Extracted material =
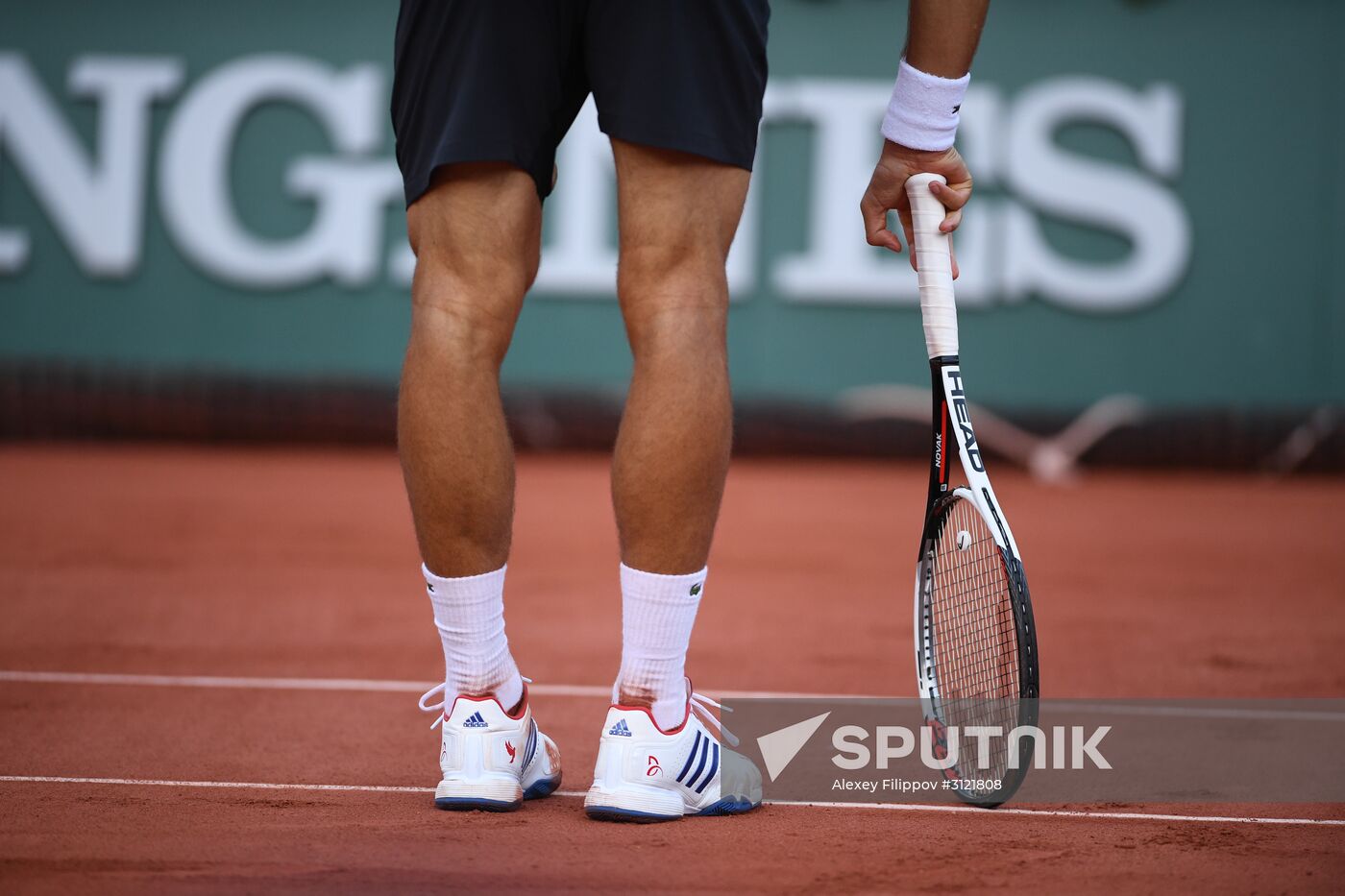 Tennis. Roland Garros. Day Eight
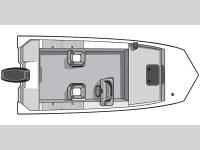 Sportsman 1660 SC Pro Floorplan Image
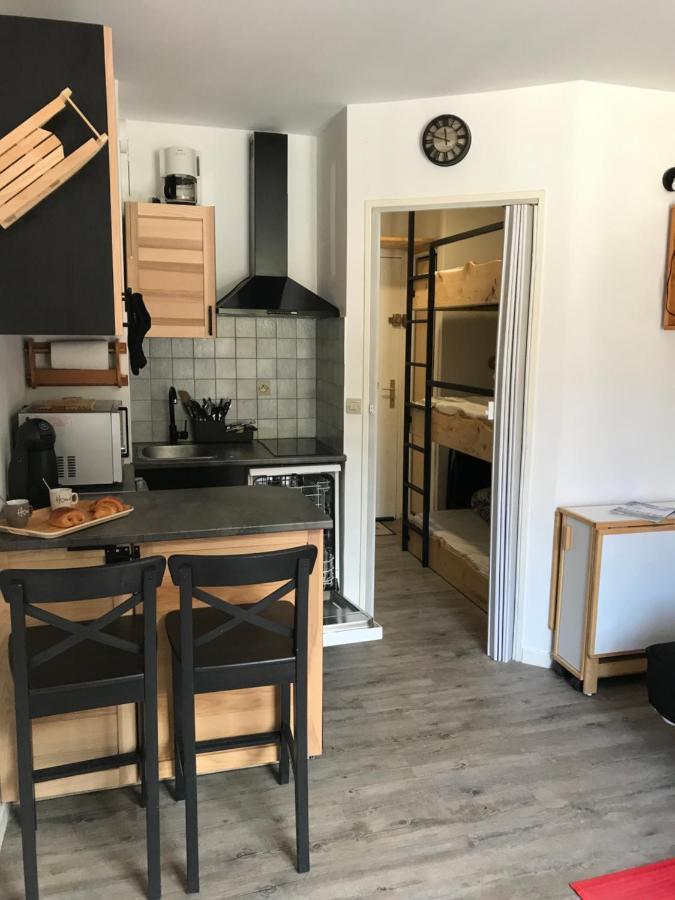 Studio Chaleureux A La Foux D'Allos Εξωτερικό φωτογραφία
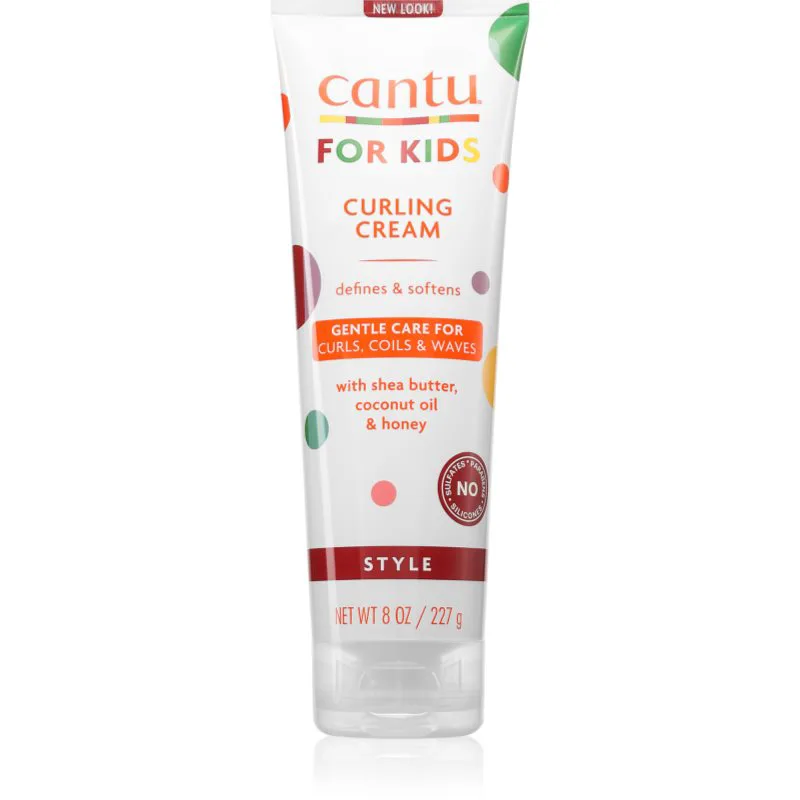 CANTU For Kids Curl Cream κρέμα μαλλιών για σπαστά και σγουρά μαλλιά 227 γρ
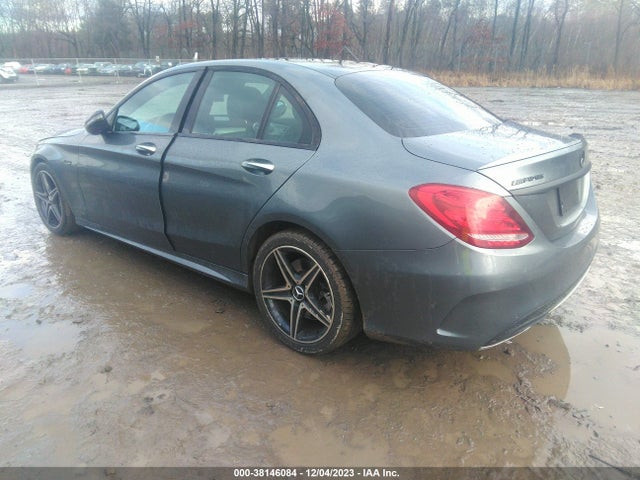 2017 MERCEDES-BENZ AMG C 43 4MATIC VIN: 55SWF6EB8HU230614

Work task =
Copy exactly, and copy nothing else: the lines from the one containing "Sportsman 1660 SC Pro Floorplan Image" through the end of the data, both ends included, with pictures left out.

Answer to this task =
 Sportsman 1660 SC Pro Floorplan Image
 Studio Chaleureux A La Foux D'Allos Εξωτερικό φωτογραφία
 CANTU For Kids Curl Cream κρέμα μαλλιών για σπαστά και σγουρά μαλλιά 227 γρ
 2017 MERCEDES-BENZ AMG C 43 4MATIC VIN: 55SWF6EB8HU230614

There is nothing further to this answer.